**Dataset section:**
·····

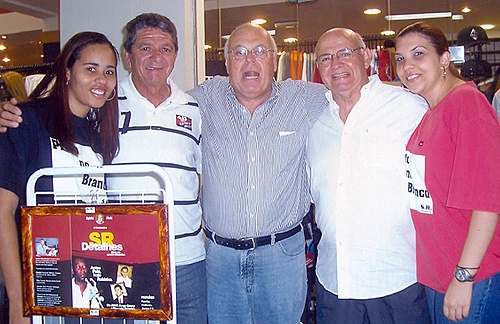 Manoel Maria, Silvio Ruiz e Pepe (todo de branco), na Galeria Piaçagüera, em Cubatão (SP)

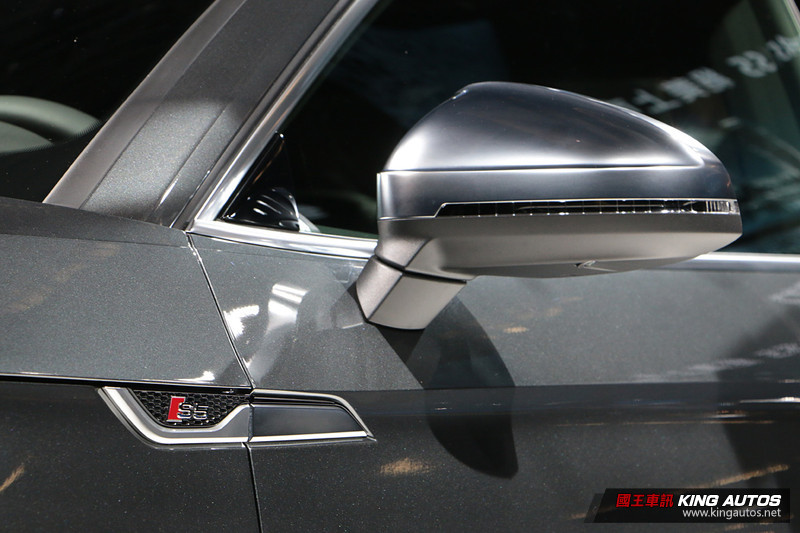 較預售調降3萬元 新世代《Audi A5》家族狹5年保固在臺上市 較預售調降3萬元 新世代《Audi A5》家族狹5年保固在臺上市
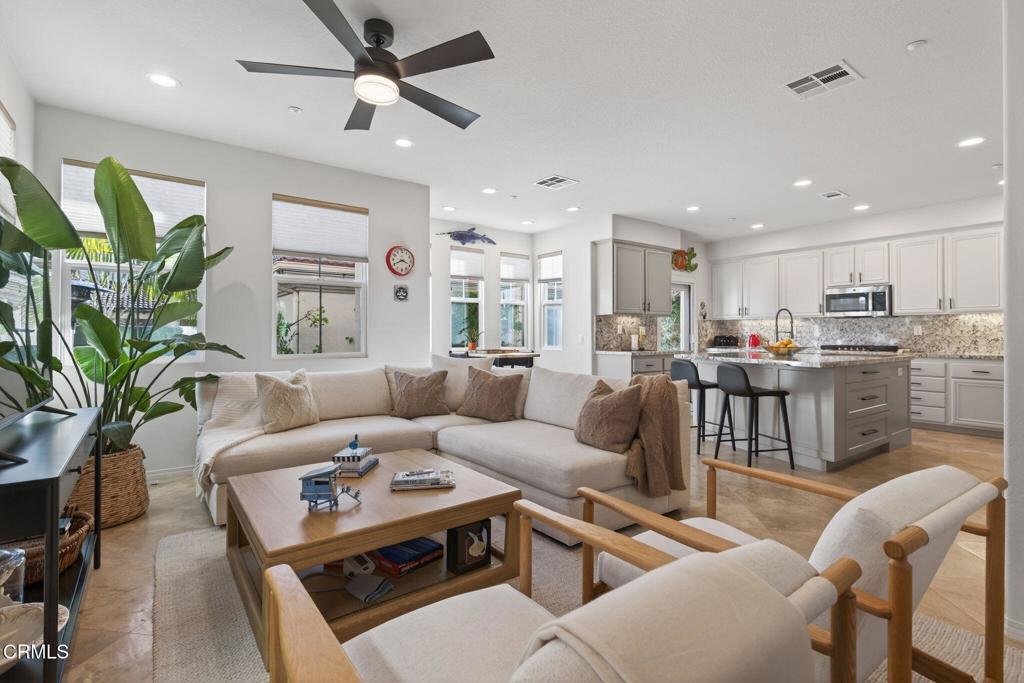 4320 Waterside Lane Oxnard, CA 93035 - Photo 14 of 64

·····

Return the complete material exactly as given, excluding images.

**Task answer:**
 Manoel Maria, Silvio Ruiz e Pepe (todo de branco), na Galeria Piaçagüera, em Cubatão (SP)

 較預售調降3萬元 新世代《Audi A5》家族狹5年保固在臺上市 較預售調降3萬元 新世代《Audi A5》家族狹5年保固在臺上市
 4320 Waterside Lane Oxnard, CA 93035 - Photo 14 of 64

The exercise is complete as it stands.